The couple lived in LA. I live out of state and spent ~$500 on flights, ~$700 on hotel, a few hundred on a rental car, etc. An experience like the couple had likely would have resulted in an end to my annual Halloween holiday to the LA area.
When you do a guest survey and an out of town family mentions they are extremely disappointed in the thousands they spent because they couldn’t do Rise or Spider-Man because of boarding groups or other lock outs you potentially lose that family entirely, as well as all their coworkers they talk to and say “wait a few years, the parks are so crammed you can’t do what you want to do the most.”

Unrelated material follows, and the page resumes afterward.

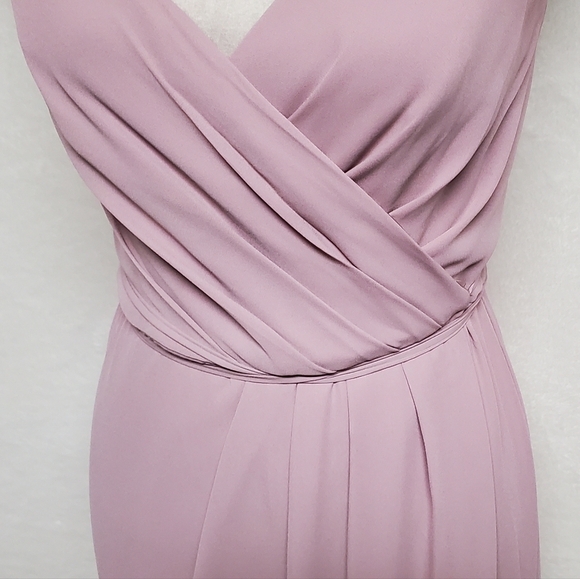 David's Bridal Quartz Lilac Georgette Double Maxi Wrap Bridesmaid Dress 6 - Picture 6 of 16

Are people that are taking a week off work, traveling hundreds or thousands of miles, spending thousands of dollars for hotel and everything really upset about the change from a free chance to passively wait for an attraction to a paid guarantee to get on the attraction? To me it just doesn’t make sense. Even before this change there were days I missed RSR because the fast passes were all gone. The free system couldn’t get me on. I feel much better about my upcoming (very expensive) trip knowing that I’ll be able to get on Rise, RSR, and any other *must do* attraction, assuming the new system is live by late October.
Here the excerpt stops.